### Work required
The records below are to be repeated exactly, minus any pictures.

[Records excerpted from a collection]
+ + +

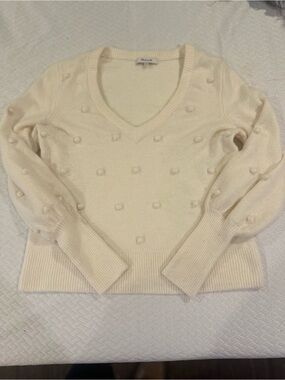 Madewell Cream V-Neck Pom-Pom Knit Sweater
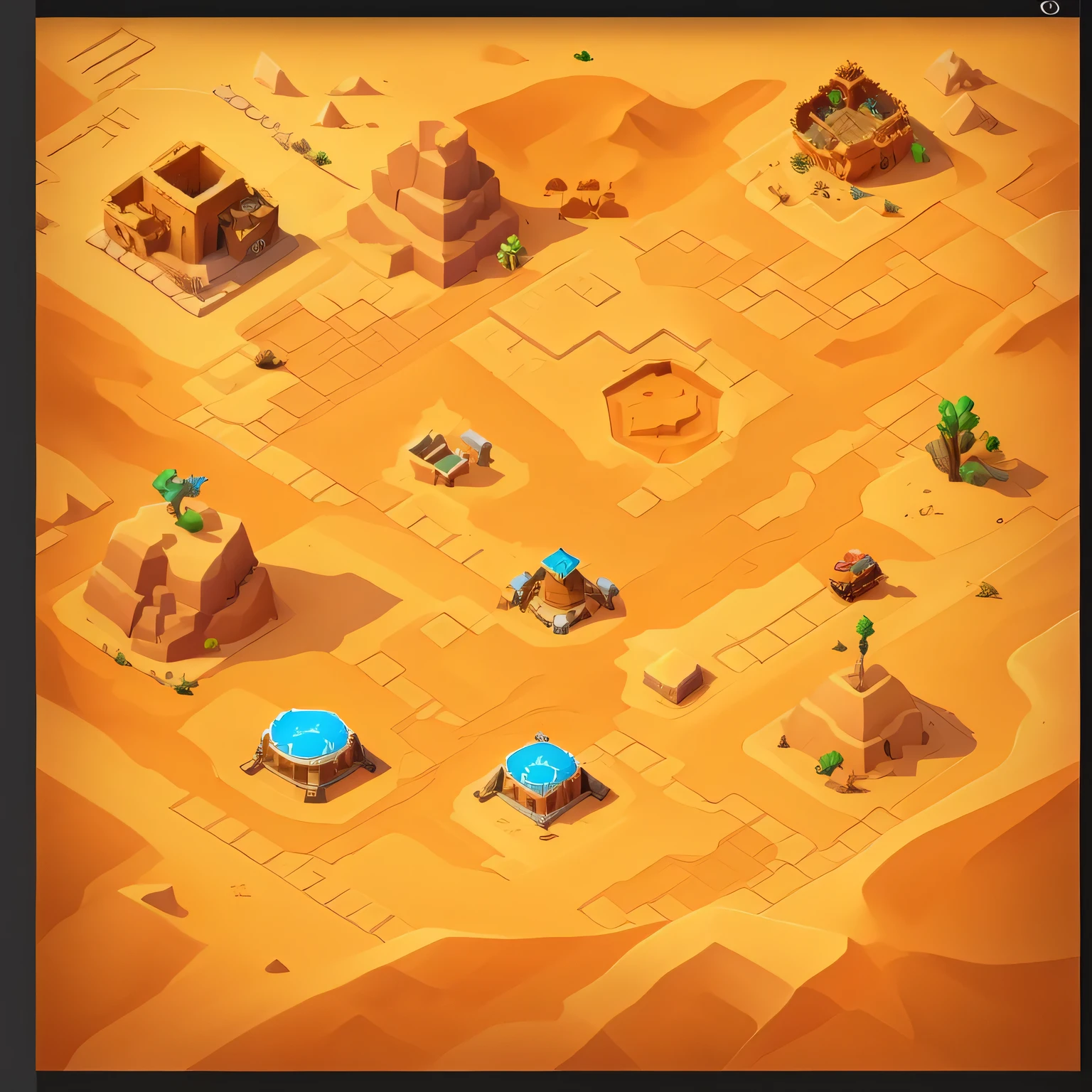 Game screen desert scene close-up, Isometric 2D game art, Isometric game art, Isometric drawing, desert environment, mobile game art, Isometric game assets, mobile game assets, Detailed game art, desert city, mobile game background, Detailed game art illustration, city in desert, sand and desert environment, Game UI asset design,The ground is simple,2D gameplay style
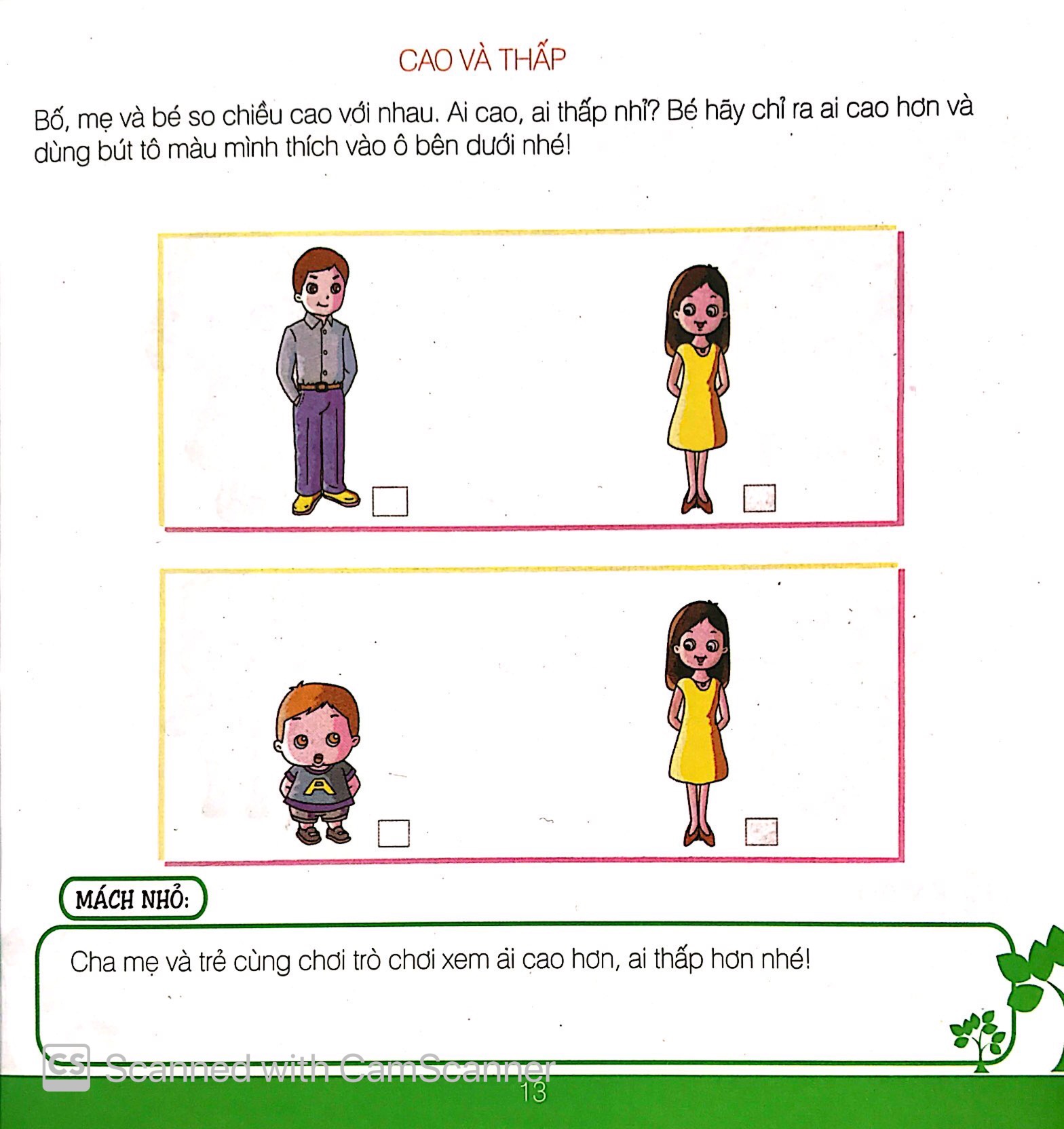 lớp học gia đình (3 tuổi)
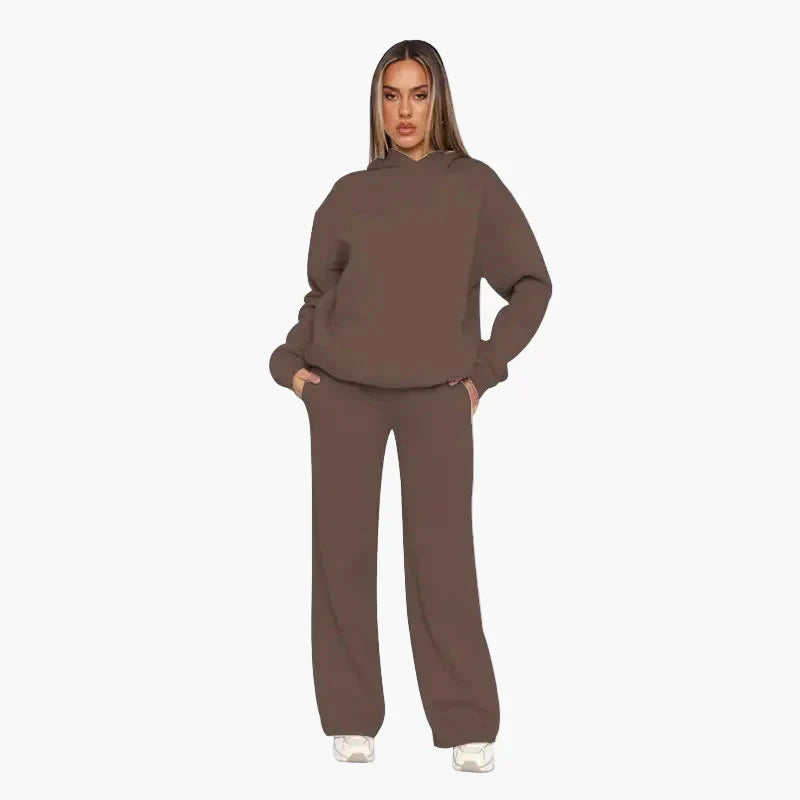 Women's cozy loungewear set hoodie wide leg pants casual relaxed fit kangaroo pocket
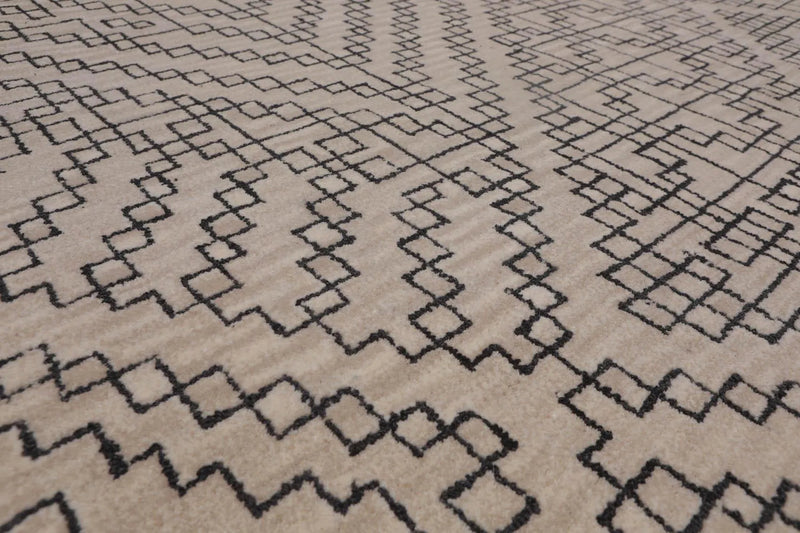 5 x 8 Handmade Graphic Geometric Pattern Traditional Oriental Area rug Beige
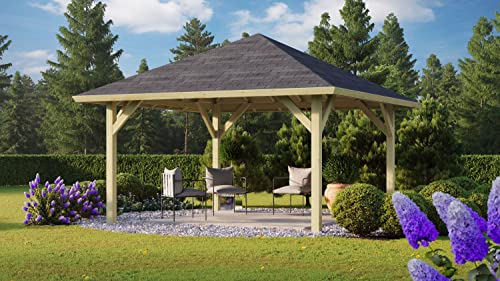 CHILLROI® Quadratischer Holzpavillon 359 x 359 cm | Gartenpavillon | Terrassenüberdachung | kesseldruckimprägniert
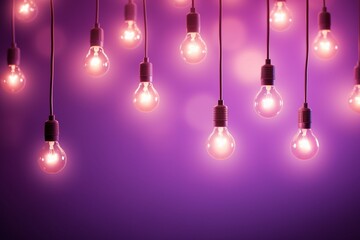 Product Presentation Background: Hanging Long Bulbs with Beautiful Glow on Calm Pink-Purple
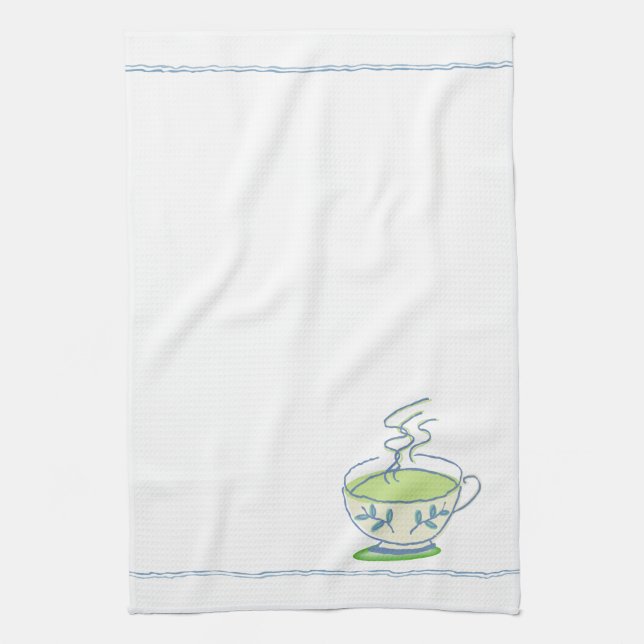 Blue Teacup Tea Towel (Vertical)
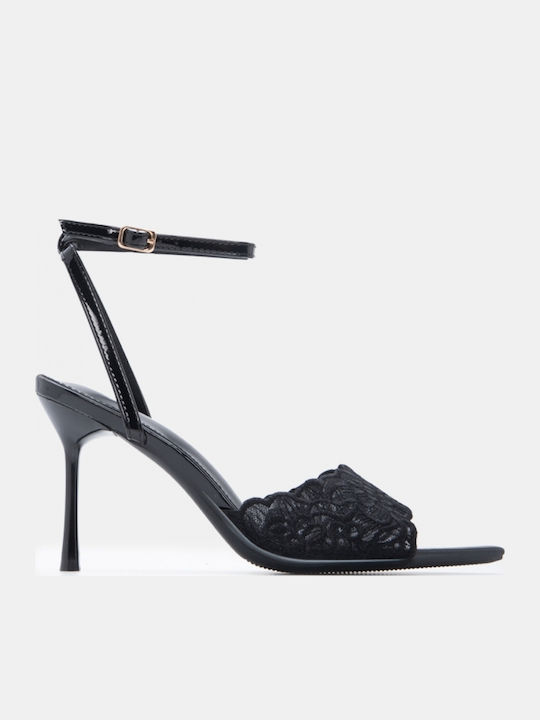 Damen Pantoletten aus Lackleder mit Hoch Absatz in Schwarz Farbe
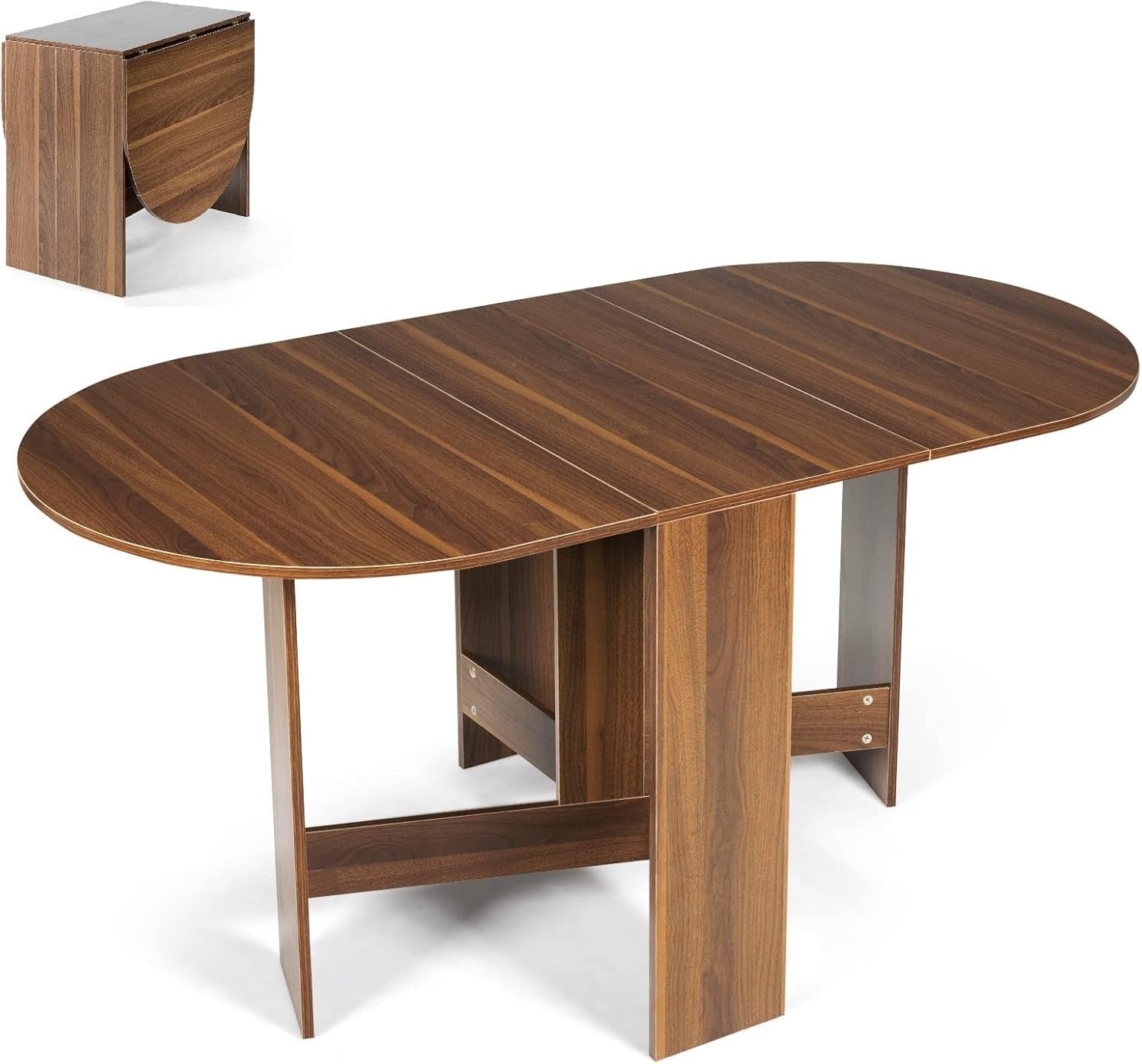 163CM Folding Drop Leaf Dining Table for 4-6 People – Space-Saving Design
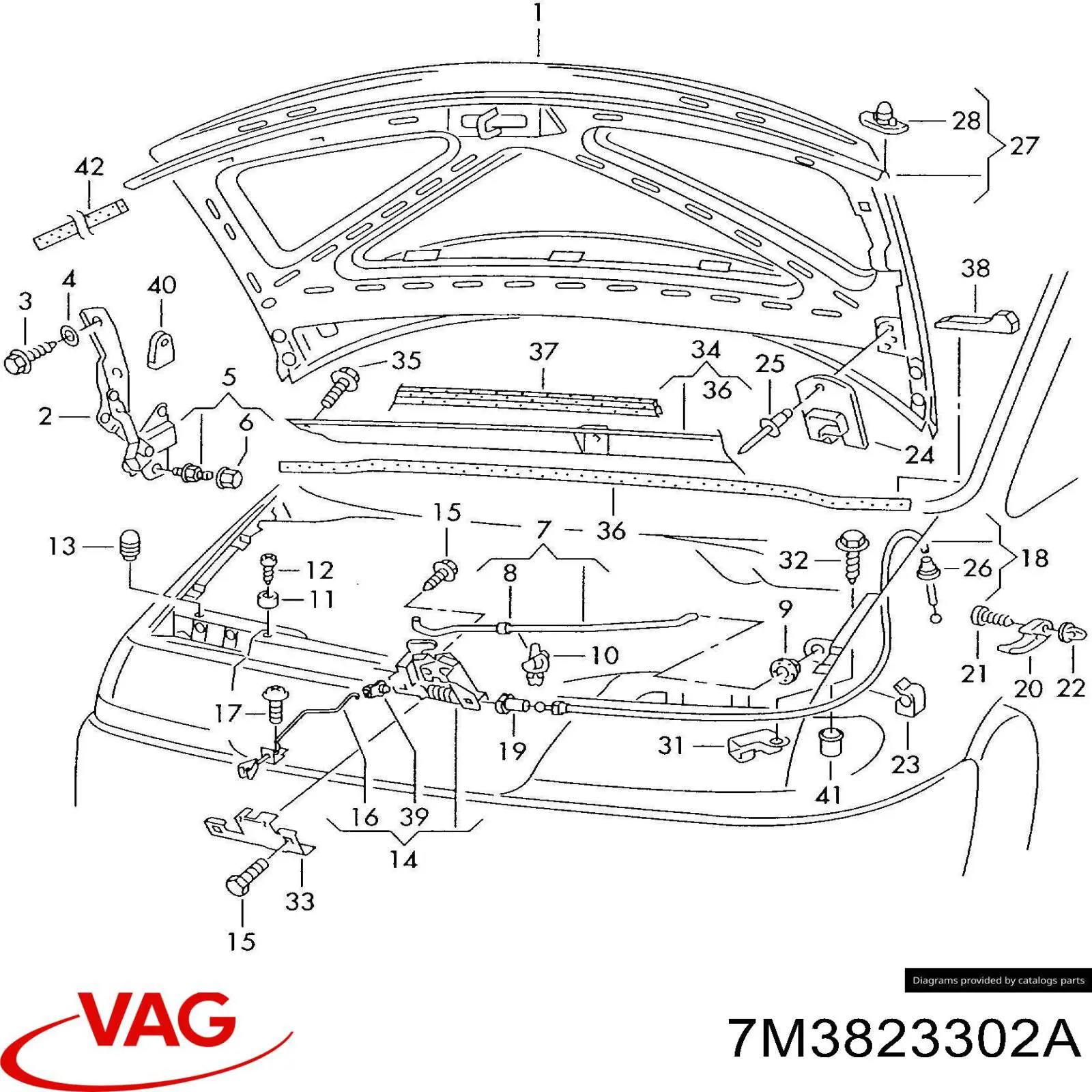 7M3823302A VAG bisagra, capó del motor derecha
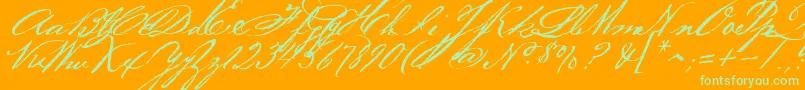 Bakerscript Font – Green Fonts on Orange Background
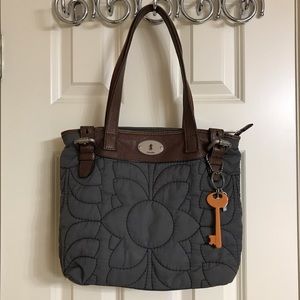 Fossil Grey Quilted Purse with Leather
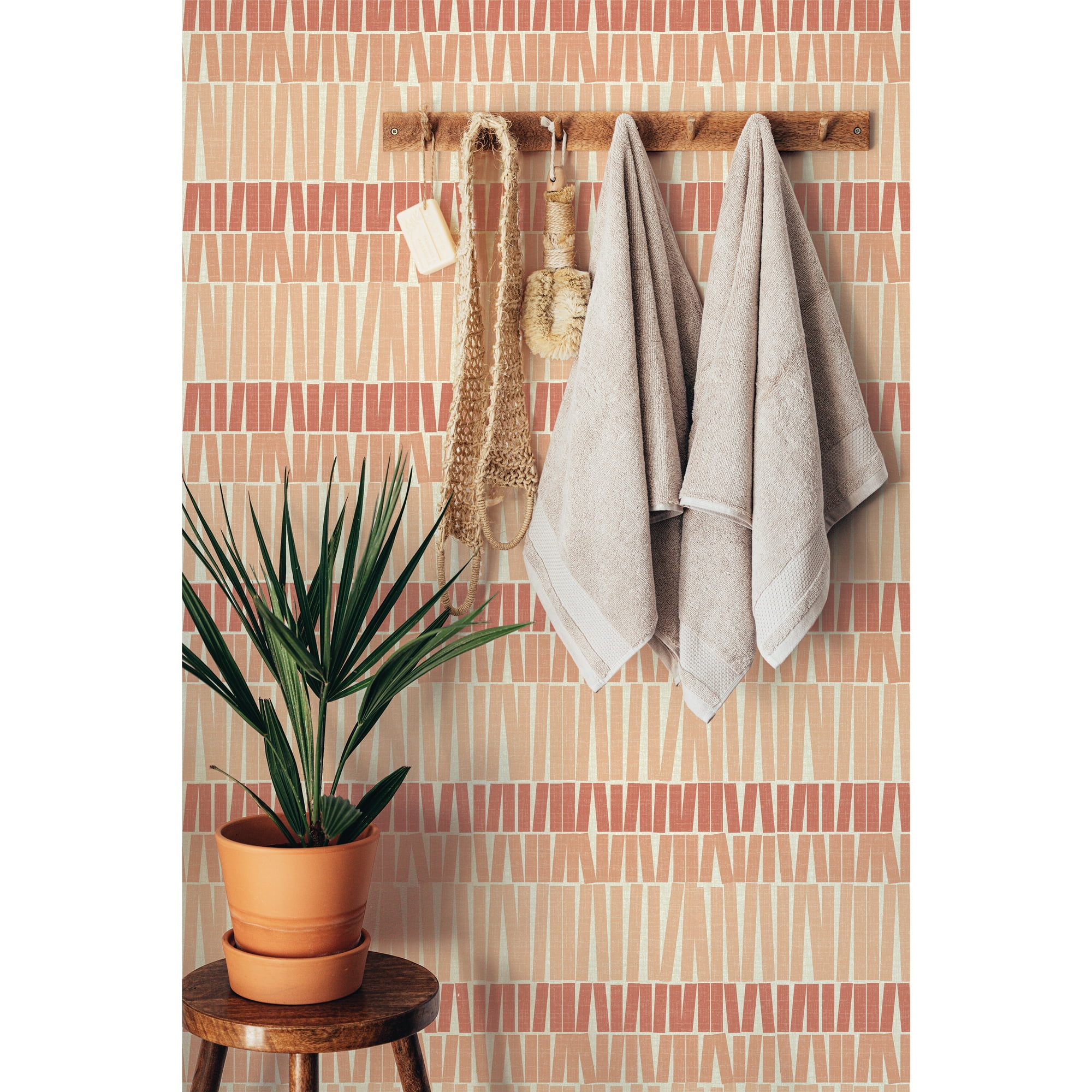 Better Homes & Gardens Coral Gwen Stripe Peel and Stick Wallpaper, 20.5" x 18'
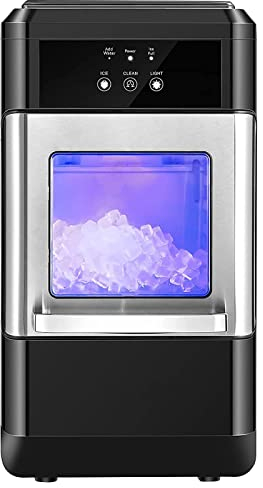 Ice Maker, 44lbs per Day Pebble Ice Machine Countertop, Self-Cleaning Ice Maker for Sonic Ice Cube with 3.3lb Ice Bin and Scoop for Home Office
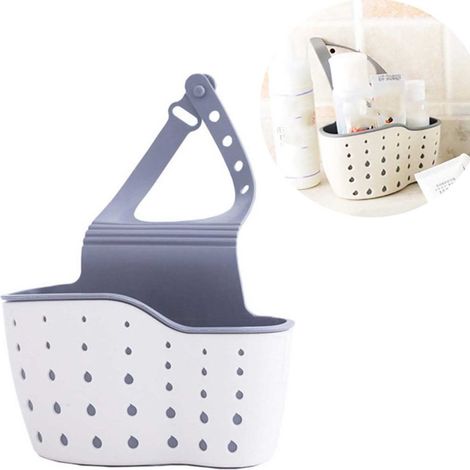 Passoire d'évier lot de 1 beige 21 x 15 x 8,5 cm en TPR avec attaches réglables pour égouttage rangement et porte éponge (1/5)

+ + +

### Solution to this task
 Madewell Cream V-Neck Pom-Pom Knit Sweater
 Game screen desert scene close-up, Isometric 2D game art, Isometric game art, Isometric drawing, desert environment, mobile game art, Isometric game assets, mobile game assets, Detailed game art, desert city, mobile game background, Detailed game art illustration, city in desert, sand and desert environment, Game UI asset design,The ground is simple,2D gameplay style
 lớp học gia đình (3 tuổi)
 Women's cozy loungewear set hoodie wide leg pants casual relaxed fit kangaroo pocket
 5 x 8 Handmade Graphic Geometric Pattern Traditional Oriental Area rug Beige
 CHILLROI® Quadratischer Holzpavillon 359 x 359 cm | Gartenpavillon | Terrassenüberdachung | kesseldruckimprägniert
 Product Presentation Background: Hanging Long Bulbs with Beautiful Glow on Calm Pink-Purple
 Blue Teacup Tea Towel (Vertical)
 Damen Pantoletten aus Lackleder mit Hoch Absatz in Schwarz Farbe
 163CM Folding Drop Leaf Dining Table for 4-6 People – Space-Saving Design
 7M3823302A VAG bisagra, capó del motor derecha
 Bakerscript Font – Green Fonts on Orange Background
 Fossil Grey Quilted Purse with Leather
 Better Homes & Gardens Coral Gwen Stripe Peel and Stick Wallpaper, 20.5" x 18'
 Ice Maker, 44lbs per Day Pebble Ice Machine Countertop, Self-Cleaning Ice Maker for Sonic Ice Cube with 3.3lb Ice Bin and Scoop for Home Office
 Passoire d'évier lot de 1 beige 21 x 15 x 8,5 cm en TPR avec attaches réglables pour égouttage rangement et porte éponge (1/5)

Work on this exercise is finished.